Backgrounds: Helicobacter pylori infect more than half of the global population. It is suggested to be related with gastritis, peptic ulcer disease (PUD), and gastric cancer. Aims: The aim of this present study was to evaluate proinflammatory cytokines including interleukin 1, 6, 8, 10, and thrombomodulin in H. pylori-infected patients with PUD and gastric cancer. Patients: This cross-sectional study was conducted in Taleghani Hospital on 111 patients with H. pylori infection. Materials and Methods: Patients were divided into three groups of PUD, cancer, and control (normal on endoscopy), according to the results of endoscopy. The serum levels of interleukins 1, 6, 8, and 10 and thrombomodulin was determined using enzyme-linked immunosorbent assay (ELISA) technique. H. pylori infection was diagnosed by histological examination of the endoscopic biopsy. Results: One hundred eleven patients were included in the study; 30 as PUD group, 30 as gastric cancer group, and 51 as controls. There was no significant difference between the means of IL-1 and IL-10 levels among the three groups (P = 0.744 and 0.383, respectively). IL-6, IL-8, and thrombomodulin levels were found to be statically different among the three groups (P < 0.05). The level of IL-6, IL-8, and thrombomodulin in cancer group was significantly higher than PUD and control groups (P < 0.05). Conclusion: There is a significant association between H. pylori infection and serum IL-6, IL-8, and thrombomodulin but such relation is not present between H. pylori and IL-1 and IL-10. Immunity response (IL-6, IL-8 and thrombomodulin) is more severe in cancer patient than PUD.

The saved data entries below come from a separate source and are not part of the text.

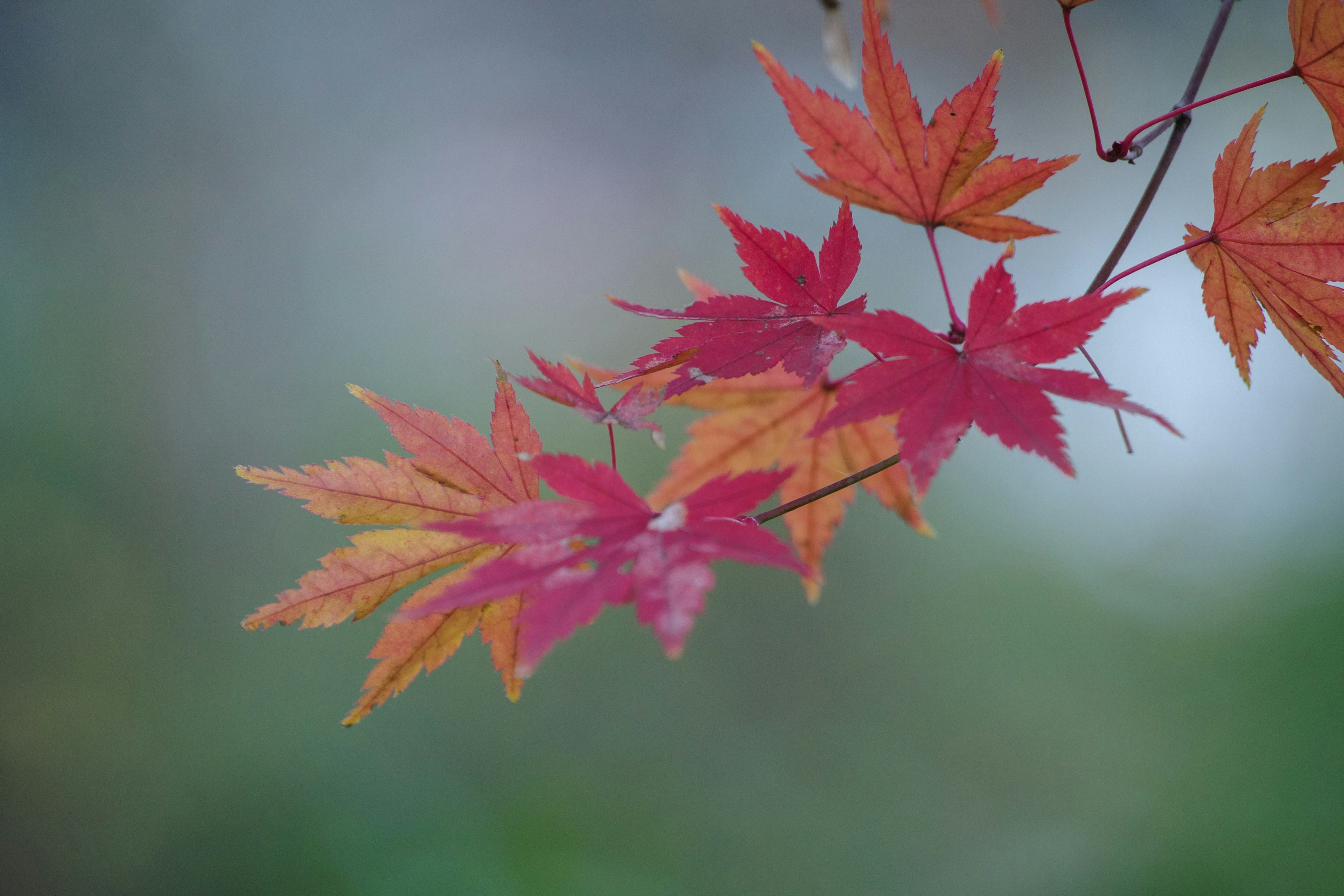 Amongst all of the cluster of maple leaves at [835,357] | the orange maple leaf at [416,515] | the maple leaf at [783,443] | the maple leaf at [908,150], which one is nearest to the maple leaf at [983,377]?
the cluster of maple leaves at [835,357]

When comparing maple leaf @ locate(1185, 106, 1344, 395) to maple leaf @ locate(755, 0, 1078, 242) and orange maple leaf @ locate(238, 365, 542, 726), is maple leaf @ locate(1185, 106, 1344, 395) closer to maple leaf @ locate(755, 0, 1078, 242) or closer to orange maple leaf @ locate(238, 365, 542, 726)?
maple leaf @ locate(755, 0, 1078, 242)

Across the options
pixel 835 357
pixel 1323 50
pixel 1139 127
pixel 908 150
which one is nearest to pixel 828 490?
pixel 835 357

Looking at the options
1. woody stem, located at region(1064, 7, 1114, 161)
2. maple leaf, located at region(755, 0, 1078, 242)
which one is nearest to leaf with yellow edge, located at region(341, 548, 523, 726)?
maple leaf, located at region(755, 0, 1078, 242)

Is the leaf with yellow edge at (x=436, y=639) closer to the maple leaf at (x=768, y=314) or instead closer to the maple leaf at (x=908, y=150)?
the maple leaf at (x=768, y=314)

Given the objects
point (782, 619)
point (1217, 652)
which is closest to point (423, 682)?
point (782, 619)

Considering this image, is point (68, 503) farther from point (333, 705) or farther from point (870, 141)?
point (870, 141)
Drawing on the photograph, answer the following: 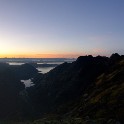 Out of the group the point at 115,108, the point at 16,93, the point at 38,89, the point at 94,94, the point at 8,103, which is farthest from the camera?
the point at 38,89

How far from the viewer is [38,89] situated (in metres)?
134

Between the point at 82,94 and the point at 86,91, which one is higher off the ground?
the point at 86,91

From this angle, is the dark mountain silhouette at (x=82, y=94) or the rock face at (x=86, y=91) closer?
the dark mountain silhouette at (x=82, y=94)

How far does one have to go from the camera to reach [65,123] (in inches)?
1863

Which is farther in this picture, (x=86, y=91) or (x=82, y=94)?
(x=82, y=94)

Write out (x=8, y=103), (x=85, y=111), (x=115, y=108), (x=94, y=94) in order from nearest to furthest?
(x=115, y=108), (x=85, y=111), (x=94, y=94), (x=8, y=103)

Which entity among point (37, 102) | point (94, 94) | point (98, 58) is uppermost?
point (98, 58)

Keywords: Cytokine, Helicobacter pylori, interleukin, peptic ulcer disease

How to cite this article:
Haghazali M, Molaei M, Mashayekhi R, Zojaji H, Pourhoseingholi MA, Shooshtarizadeh T, Mirsattari D, Zali MR. Proinflammatory cytokines and thrombomodulin in patients with peptic ulcer disease and gastric cancer, infected with Helicobacter pylori. Indian J Pathol Microbiol 2011;54:103-6

How to cite this URL:
Haghazali M, Molaei M, Mashayekhi R, Zojaji H, Pourhoseingholi MA, Shooshtarizadeh T, Mirsattari D, Zali MR. Proinflammatory cytokines and thrombomodulin in patients with peptic ulcer disease and gastric cancer, infected with Helicobacter pylori. Indian J Pathol Microbiol [serial online] 2011 [cited 2022 Jan 18];54:103-6. Available from: https://www.ijpmonline.org/text.asp?2011/54/1/103/77343

   Introduction Top

Helicobacter pylori is a gram-negative bacterium that persistently colonizes more than half of the global human population. [1],[2] It is probably the most prevalent human pathogen worldwide. [3] Since H. pylori was initially suggested in 1983 by Marshall and Warren to be implicated in gastritis and peptic ulcer disease. [4] H. pylori has also been found associated with gastric carcinoma and was classified as a class I carcinogen. [5] Most H. pylori infections are acquired early in life and may persist for the life of the individual. [6] While infected individuals mount an inflammatory response that becomes chronic, along with a detectable adaptive immune response, these responses are ineffective in clearing the infection. [7] H. pylori has unique features that allow it to reside within the harsh conditions of the gastric environment, and also to evade the host immune response. [1] In order to successfully colonize the human stomach, H. pylori must initially overcome multiple innate host defenses. Remarkably, H. pylori can persistently colonize the stomach for decades or an entire lifetime despite development of an acquired immune response. [1]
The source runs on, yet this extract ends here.